_Supplied entries_.
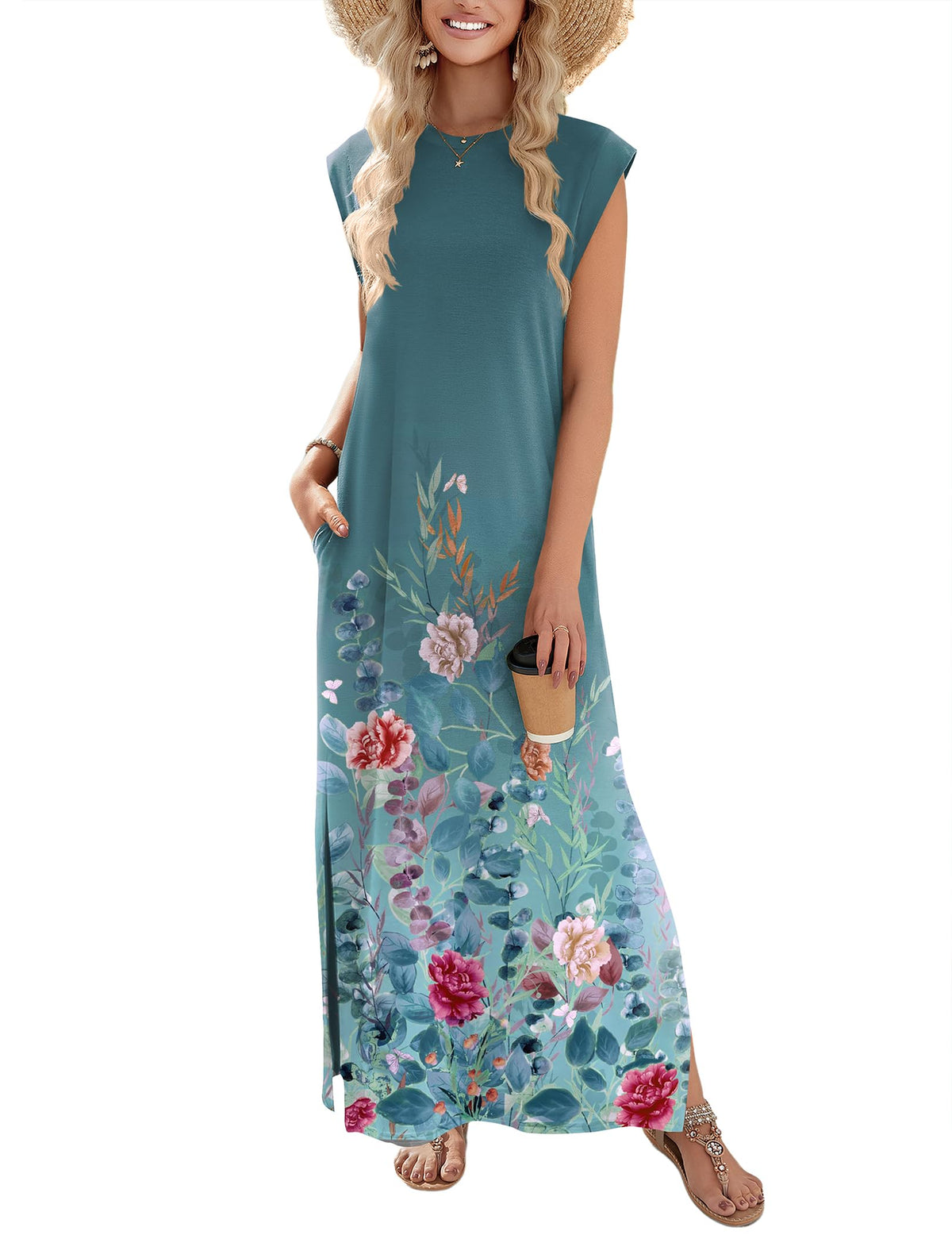 Zeagoo Summer Dresses for Women 2026 Long Maxi Sundresses Loose Split Wrinkle-Free Beach Travel Vacation Clothes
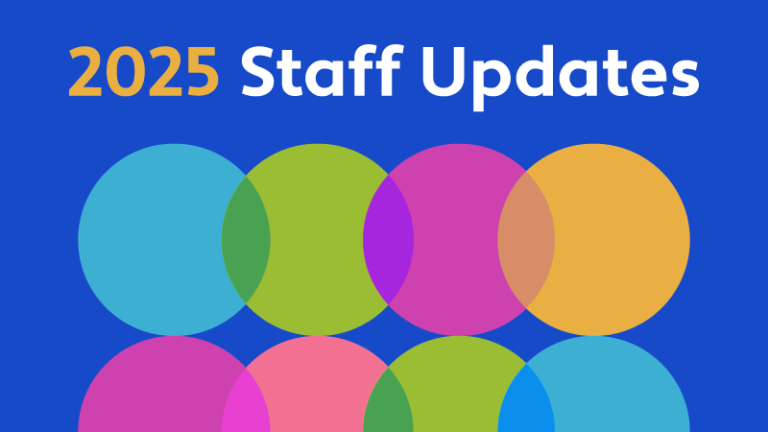 Blue graphic with different colored circles and text: 2025 Staff Updates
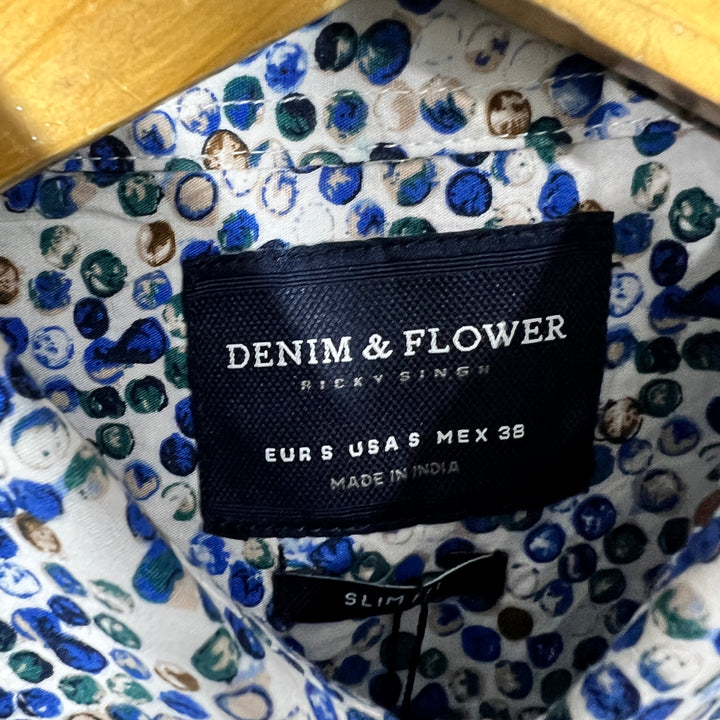 DENIM & FLOWER SLIM FIT BUTTON DOWN HALF SLEEVES SHIRT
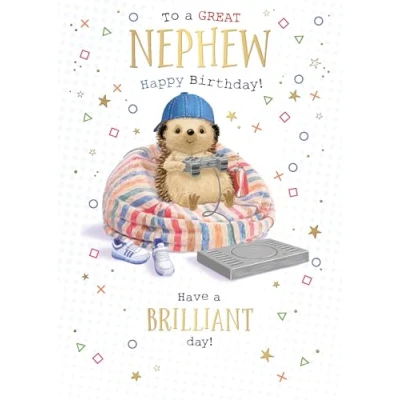 Image of Words &#039;n&#039; Wishes Great Nephew Large Birthday Card for Boys Gaming Hedgehog in Basketball Cap with Embossed Foil Details Eco Friendly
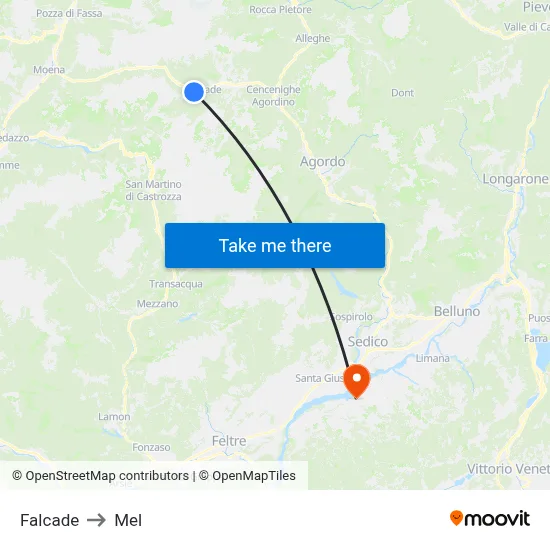 Falcade to Mel map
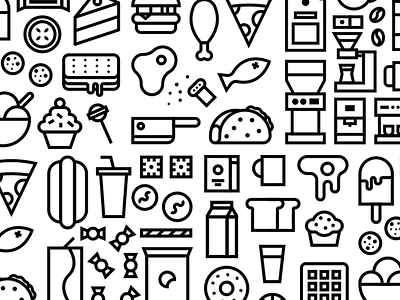 Lotsa Food breakfast coffee food geometric icon icon set illustration minimal simple snack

_Exercise_.
In the entries above, find the line containing "Blue graphic with". Transcribe it and every later line to the end, exactly, and leave out the pictures.

_Finished exercise_.
 Blue graphic with different colored circles and text: 2025 Staff Updates
 DENIM & FLOWER SLIM FIT BUTTON DOWN HALF SLEEVES SHIRT
 Image of Words &#039;n&#039; Wishes Great Nephew Large Birthday Card for Boys Gaming Hedgehog in Basketball Cap with Embossed Foil Details Eco Friendly
 Falcade to Mel map
 Lotsa Food breakfast coffee food geometric icon icon set illustration minimal simple snack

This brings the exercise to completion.